Mr. Eckel is a professor and director of the Office of Practice Development and Education at the School of Pharmacy, UNC at Chapel Hill.

“It was the best of times; it was the worst of times; it was the age of wisdom; it was the age of foolishness;...it was the spring of hope; it was the winter of despair....” (Charles Dickens, A Tale of Two Cities)

As I write this editorial, health care reform is a major topic on everyone’s radar. Groups are taking sides to promote their position. The Pharmaceutical Care Management Association wants to “increase efficiency and save billions by allowing greater use in Medicare of home delivery for refills of long-term chronic medications,” while the Association of Community Pharmacists Congressional Network wants to “create a Medicare ‘Pharmacy-only’ Government Option Plan as a Pilot Program…that partner(s) with retail pharmacies.”

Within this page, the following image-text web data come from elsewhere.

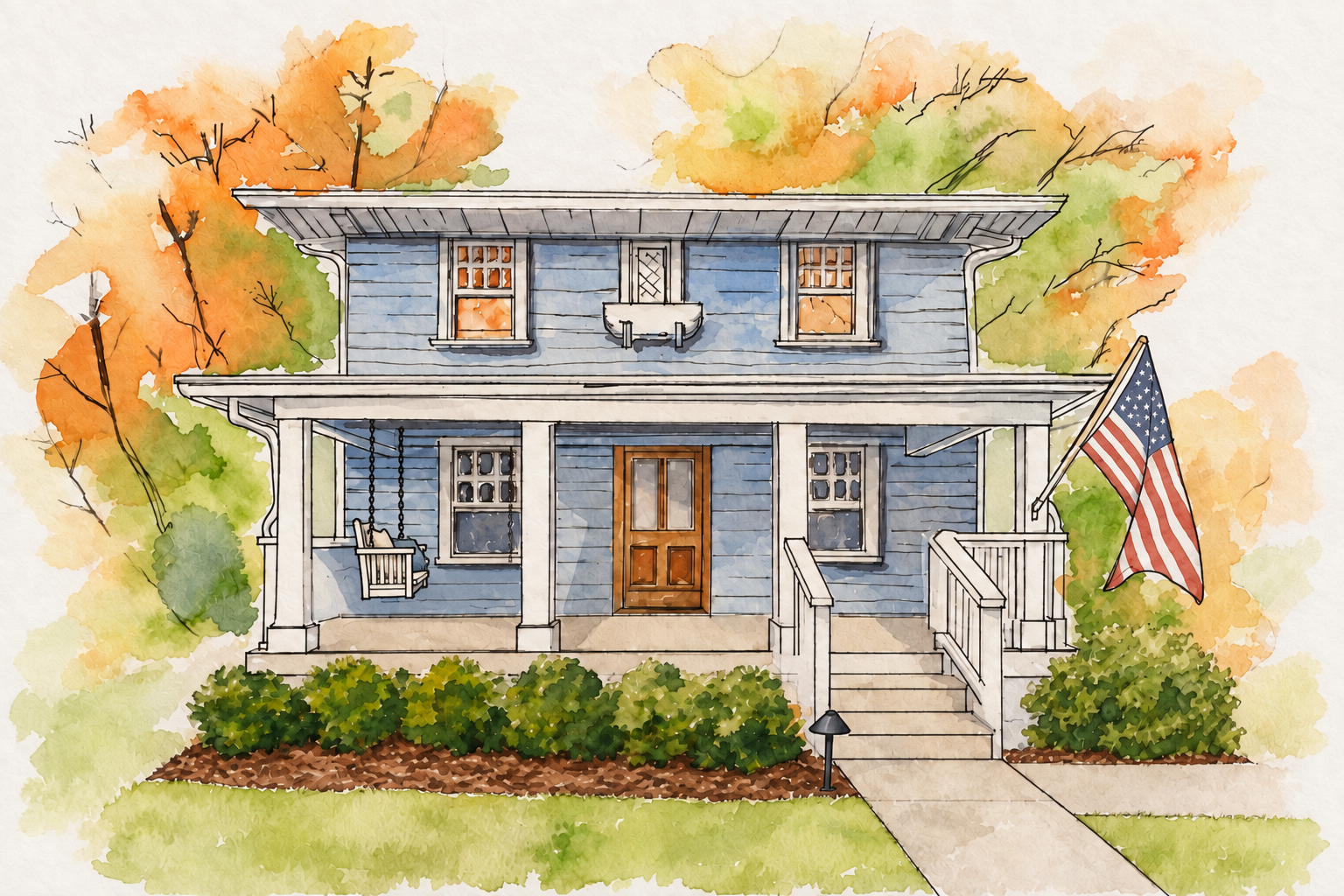 Original watercolor painting of a blue two story house with a porch swing and flag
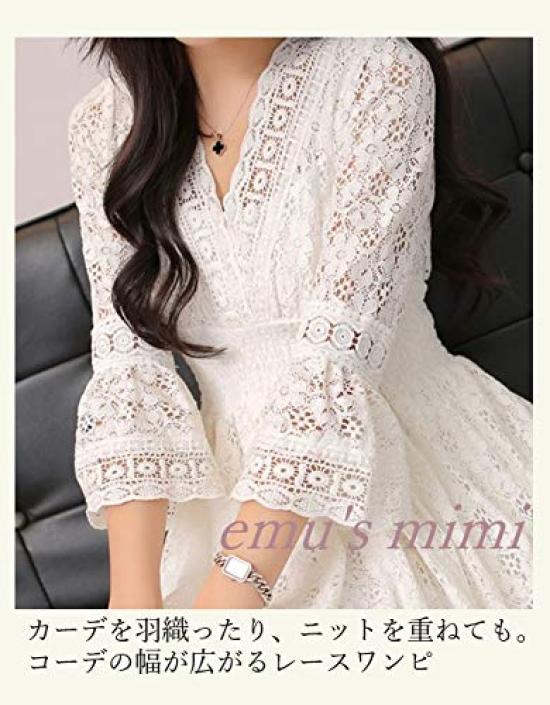 Mimi Spring White Lace M M's Women's Dress, Color White, Size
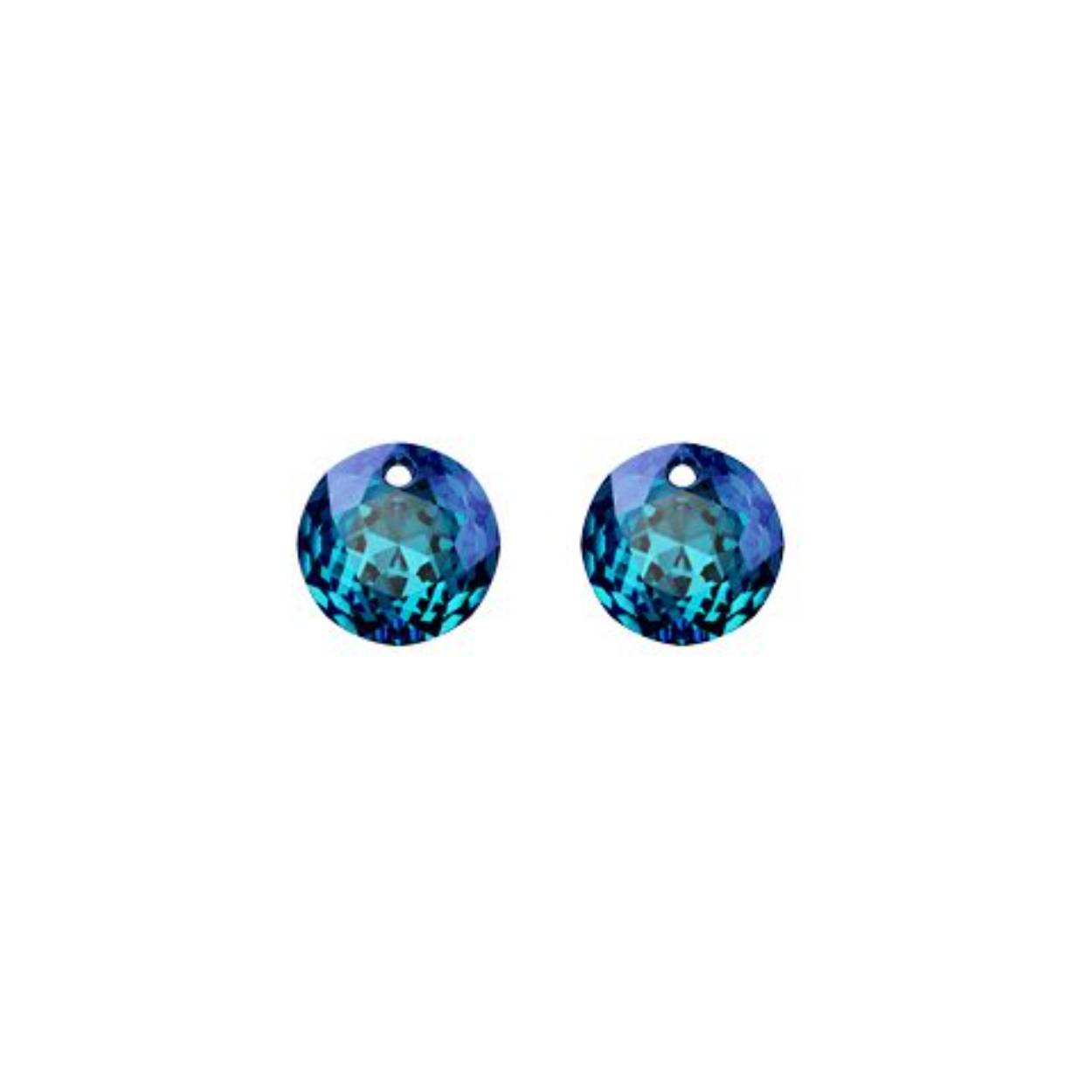 MY iMenso Creoli Carezza Tonda pair of stones "Brillante crystal" "Bermuda Blue" 10mm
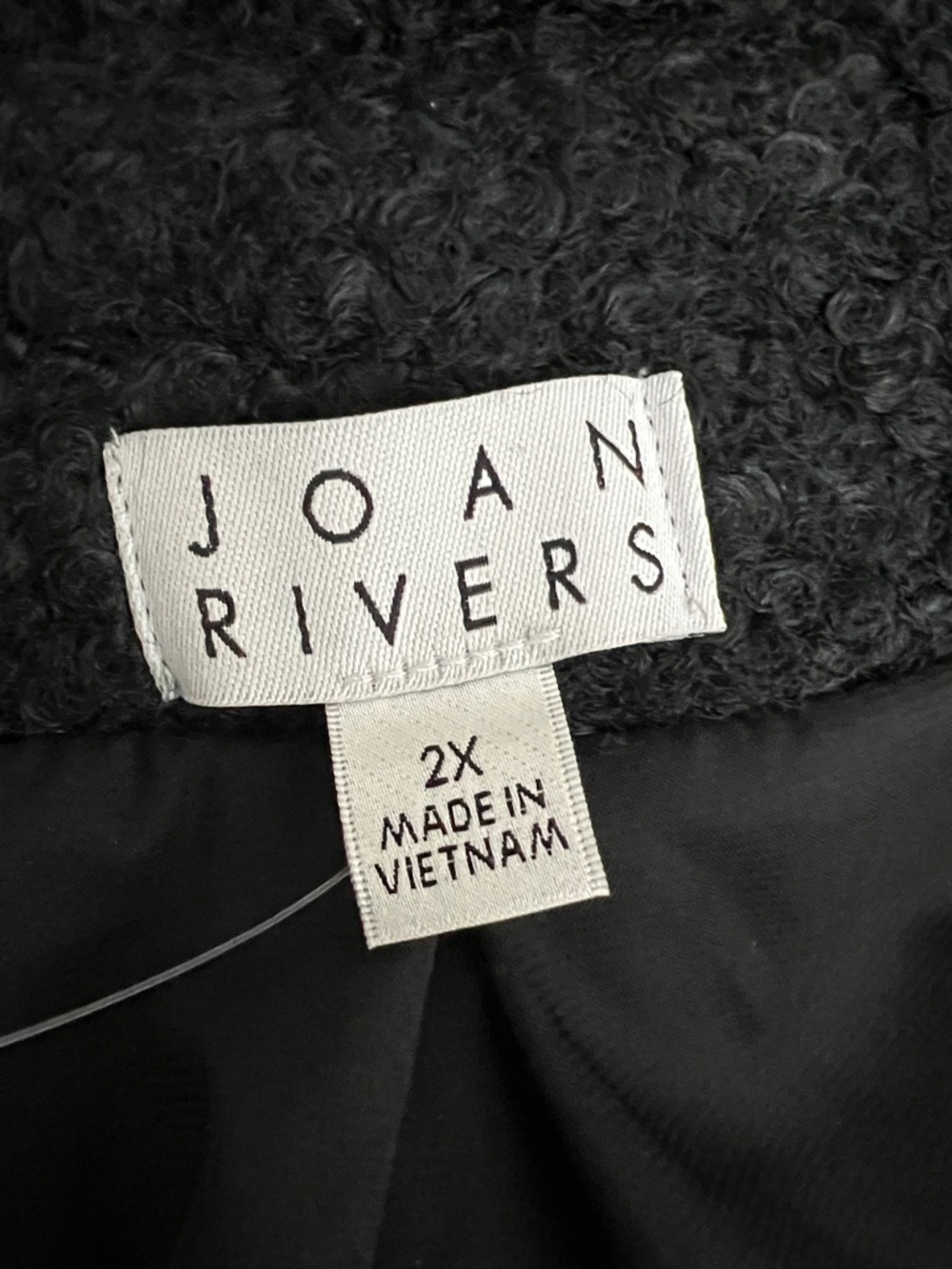 NWOT Joan Rivers Black Sherpa Shawl Collar Coat - Picture 3 of 4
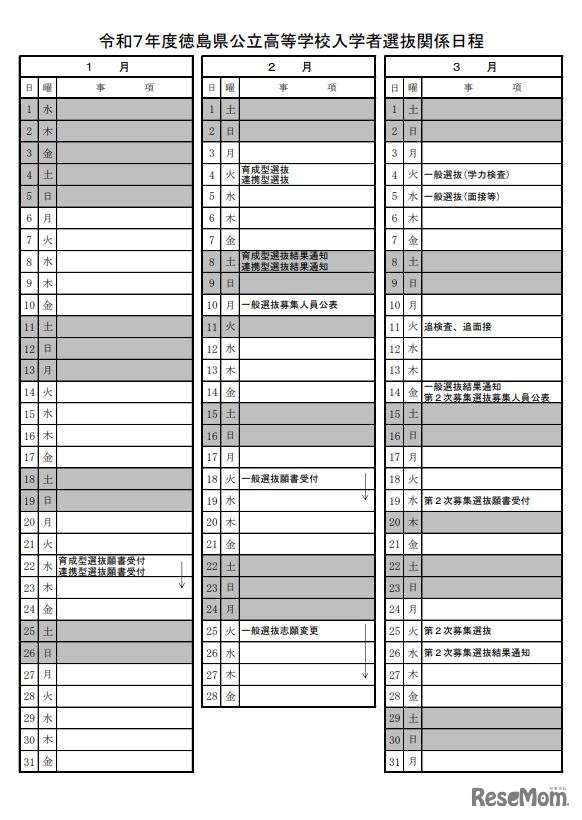 令和7年度徳島県公立高等学校入学者選抜関係日程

These 2 positions seem at odds, and demonstrate the problem facing Congress as they try to sort out which proposal makes the most sense. The proposals focus on where patients get their drugs, but do not seem to be as concerned about ensuring appropriate drug outcomes. I would hope that any health care reform effort would want to promote a reduction in adverse drug events and poor drug adherence, and ensure that desired outcomes are achieved. Does the way drugs are distributed to patients impact these outcomes? One might propose that better outcomes are achieved when there is a face-to-face pharmacist-patient contact. Because we do not have studies proving whether that is true, it allows us to state a position based on our conventional wisdom. Is there a potential that we can see a health care system that tries to separate the pharmaceutical care aspects of pharmacy from the drug distribution aspects of pharmacy? It seems like that could happen if pharmacy is not alert and speaking with a unified voice.

If you have a pharmacist at a prescribing site overseeing the patient’s drug therapy outcomes, does it matter where they get their medicine, as long as it is economical and convenient? Is such a model “the best of times” for the clinically-oriented pharmacist and “the worst of times” for the dispensingoriented pharmacist? You be the judge, but it suggests to me that pharmacy leaders need to be able to answer that question as the profession tries to ensure the proper place for pharmacy in a changed health care system. Pharmacy practitioners need to make their voices heard. Is it the “best of times” or the “worst of times”? I’ll leave you to answer that question for yourself, but I feel energized by the new opportunities and challenges our profession faces. I hope pharmacy leaders can count on your help to advance pharmacy in a reformed health care system that is best for the patient and thus best for the profession.